Идейное и духовное совершенствование личности Белинский трактовал как норму бытия, причем это совершенствование рисовалось ему не как постепенная, незаметная эволюция, а как цепь бурных, потрясающих весь дух человека самоотречений, кризисов, «самосожжений». Белинскому принадлежит афоризм: «не меняется один только подлец». «Меняться», подвергать себя суровому внутреннему суду и свято исполнять приговоры этого внутреннего суда, всенародно отрекаясь от заблуждений и казня себя за них, он считал нравственным долгом каждой личности, в особенности же писателя.

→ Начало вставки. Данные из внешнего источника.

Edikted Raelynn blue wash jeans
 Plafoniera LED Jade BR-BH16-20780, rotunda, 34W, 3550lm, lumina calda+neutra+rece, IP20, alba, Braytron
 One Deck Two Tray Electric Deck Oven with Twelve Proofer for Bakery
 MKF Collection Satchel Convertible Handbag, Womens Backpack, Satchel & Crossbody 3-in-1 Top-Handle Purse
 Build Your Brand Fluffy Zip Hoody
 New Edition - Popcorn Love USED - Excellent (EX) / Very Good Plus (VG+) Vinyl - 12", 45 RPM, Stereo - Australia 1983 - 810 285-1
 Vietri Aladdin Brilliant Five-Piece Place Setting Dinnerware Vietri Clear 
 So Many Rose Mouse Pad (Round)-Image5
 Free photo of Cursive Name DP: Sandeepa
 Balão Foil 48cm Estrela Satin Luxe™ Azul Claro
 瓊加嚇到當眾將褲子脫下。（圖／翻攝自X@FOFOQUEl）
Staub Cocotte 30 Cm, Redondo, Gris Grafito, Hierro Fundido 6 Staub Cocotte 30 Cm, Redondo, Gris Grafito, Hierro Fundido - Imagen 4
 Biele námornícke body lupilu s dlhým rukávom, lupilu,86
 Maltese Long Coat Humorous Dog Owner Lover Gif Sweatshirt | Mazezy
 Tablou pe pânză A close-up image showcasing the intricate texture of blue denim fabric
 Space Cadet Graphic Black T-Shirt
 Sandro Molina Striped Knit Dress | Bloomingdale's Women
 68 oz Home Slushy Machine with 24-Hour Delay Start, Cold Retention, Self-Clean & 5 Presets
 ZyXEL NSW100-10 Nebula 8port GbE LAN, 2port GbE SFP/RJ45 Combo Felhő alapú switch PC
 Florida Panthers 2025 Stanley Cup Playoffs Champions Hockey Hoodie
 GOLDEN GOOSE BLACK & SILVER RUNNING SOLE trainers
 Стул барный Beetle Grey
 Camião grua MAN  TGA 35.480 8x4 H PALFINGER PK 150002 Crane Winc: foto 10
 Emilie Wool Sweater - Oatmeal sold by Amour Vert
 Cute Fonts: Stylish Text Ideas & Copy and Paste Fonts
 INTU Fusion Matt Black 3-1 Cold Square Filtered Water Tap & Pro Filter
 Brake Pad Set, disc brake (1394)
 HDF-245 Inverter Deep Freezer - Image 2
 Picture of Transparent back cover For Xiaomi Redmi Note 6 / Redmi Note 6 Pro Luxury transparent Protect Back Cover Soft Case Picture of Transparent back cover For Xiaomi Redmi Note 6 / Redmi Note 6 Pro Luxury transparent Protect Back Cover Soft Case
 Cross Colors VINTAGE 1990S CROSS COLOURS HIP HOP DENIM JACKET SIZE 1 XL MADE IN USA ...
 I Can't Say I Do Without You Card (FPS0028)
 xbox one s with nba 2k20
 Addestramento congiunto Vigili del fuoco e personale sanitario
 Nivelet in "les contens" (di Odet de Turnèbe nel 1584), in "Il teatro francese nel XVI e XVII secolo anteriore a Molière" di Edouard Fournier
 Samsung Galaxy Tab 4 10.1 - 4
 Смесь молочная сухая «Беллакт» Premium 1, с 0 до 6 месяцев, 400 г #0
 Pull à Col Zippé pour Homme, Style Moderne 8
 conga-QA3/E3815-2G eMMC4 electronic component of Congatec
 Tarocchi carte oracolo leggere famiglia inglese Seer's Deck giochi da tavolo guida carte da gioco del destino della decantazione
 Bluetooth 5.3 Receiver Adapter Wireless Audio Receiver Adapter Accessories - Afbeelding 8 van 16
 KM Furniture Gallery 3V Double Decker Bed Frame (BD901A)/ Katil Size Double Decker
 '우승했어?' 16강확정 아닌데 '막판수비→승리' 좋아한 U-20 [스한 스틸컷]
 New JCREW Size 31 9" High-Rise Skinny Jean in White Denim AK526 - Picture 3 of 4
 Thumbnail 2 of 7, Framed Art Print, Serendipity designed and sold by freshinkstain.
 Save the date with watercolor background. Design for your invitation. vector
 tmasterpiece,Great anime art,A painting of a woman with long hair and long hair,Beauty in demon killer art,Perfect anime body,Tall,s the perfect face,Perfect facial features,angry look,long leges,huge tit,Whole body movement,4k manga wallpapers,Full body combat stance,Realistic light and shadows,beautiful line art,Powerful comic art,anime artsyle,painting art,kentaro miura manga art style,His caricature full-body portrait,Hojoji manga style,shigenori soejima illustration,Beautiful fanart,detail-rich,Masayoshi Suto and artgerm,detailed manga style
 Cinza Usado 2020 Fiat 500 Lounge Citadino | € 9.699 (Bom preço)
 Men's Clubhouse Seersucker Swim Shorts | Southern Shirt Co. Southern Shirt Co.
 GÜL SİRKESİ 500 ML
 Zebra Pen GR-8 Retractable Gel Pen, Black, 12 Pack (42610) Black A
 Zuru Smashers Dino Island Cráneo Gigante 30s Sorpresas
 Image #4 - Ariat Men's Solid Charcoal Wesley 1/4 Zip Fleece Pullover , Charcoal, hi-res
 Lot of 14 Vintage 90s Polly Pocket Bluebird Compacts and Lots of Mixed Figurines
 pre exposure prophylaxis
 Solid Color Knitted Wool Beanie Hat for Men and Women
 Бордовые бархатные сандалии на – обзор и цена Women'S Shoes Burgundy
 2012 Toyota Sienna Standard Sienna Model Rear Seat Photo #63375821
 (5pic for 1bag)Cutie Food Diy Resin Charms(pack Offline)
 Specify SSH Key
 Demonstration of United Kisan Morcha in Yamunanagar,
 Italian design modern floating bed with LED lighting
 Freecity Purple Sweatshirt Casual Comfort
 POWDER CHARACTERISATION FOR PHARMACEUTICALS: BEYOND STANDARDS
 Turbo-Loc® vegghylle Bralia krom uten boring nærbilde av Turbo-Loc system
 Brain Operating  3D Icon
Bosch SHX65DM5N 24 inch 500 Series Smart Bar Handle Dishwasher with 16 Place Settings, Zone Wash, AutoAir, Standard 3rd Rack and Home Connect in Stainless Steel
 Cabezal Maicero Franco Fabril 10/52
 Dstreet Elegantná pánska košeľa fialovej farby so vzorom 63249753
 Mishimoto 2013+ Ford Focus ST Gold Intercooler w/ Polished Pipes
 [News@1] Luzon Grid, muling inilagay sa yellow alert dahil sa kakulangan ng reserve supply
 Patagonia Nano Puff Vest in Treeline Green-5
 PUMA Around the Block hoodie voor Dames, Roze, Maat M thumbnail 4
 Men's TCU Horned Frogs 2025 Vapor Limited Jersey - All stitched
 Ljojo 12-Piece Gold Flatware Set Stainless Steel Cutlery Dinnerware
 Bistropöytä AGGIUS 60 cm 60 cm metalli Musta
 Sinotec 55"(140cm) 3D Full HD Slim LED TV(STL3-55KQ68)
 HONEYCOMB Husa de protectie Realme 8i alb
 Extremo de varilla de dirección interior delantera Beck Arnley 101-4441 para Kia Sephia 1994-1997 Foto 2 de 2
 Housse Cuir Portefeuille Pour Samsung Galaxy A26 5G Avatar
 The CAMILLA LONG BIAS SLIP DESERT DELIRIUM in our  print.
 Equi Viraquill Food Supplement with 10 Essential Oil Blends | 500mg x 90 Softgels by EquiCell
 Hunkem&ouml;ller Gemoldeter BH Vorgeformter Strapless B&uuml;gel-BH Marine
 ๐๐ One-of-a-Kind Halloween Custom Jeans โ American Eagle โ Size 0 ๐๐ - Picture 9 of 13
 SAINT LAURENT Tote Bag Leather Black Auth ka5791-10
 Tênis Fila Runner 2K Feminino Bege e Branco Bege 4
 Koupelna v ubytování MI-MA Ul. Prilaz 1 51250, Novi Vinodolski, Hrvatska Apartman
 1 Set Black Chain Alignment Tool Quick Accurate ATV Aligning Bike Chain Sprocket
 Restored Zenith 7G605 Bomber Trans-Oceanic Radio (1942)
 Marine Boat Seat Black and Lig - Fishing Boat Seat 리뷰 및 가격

Поэтому он более чем кто-либо другой понял глубину и самоотверженность стремления Гоголя к идеалу, почувствовал остроту его внутренней эволюции и истолковал позицию Гоголя периода «Выбранных мест из переписки с друзьями» как акт «самосожжения». Характерно, что это самоотречение Гоголя, столь обостренно воспринятое и истолкованное Белинским, не только не было им одобрено, а явилось для него подлинной катастрофой, повлекшей за собой ответное «самосожжение» – отречение от Гоголя, которого он на протяжении лучших лет своей деятельности считал «главой поэтов», на опыт которого ориентировал молодую литературу.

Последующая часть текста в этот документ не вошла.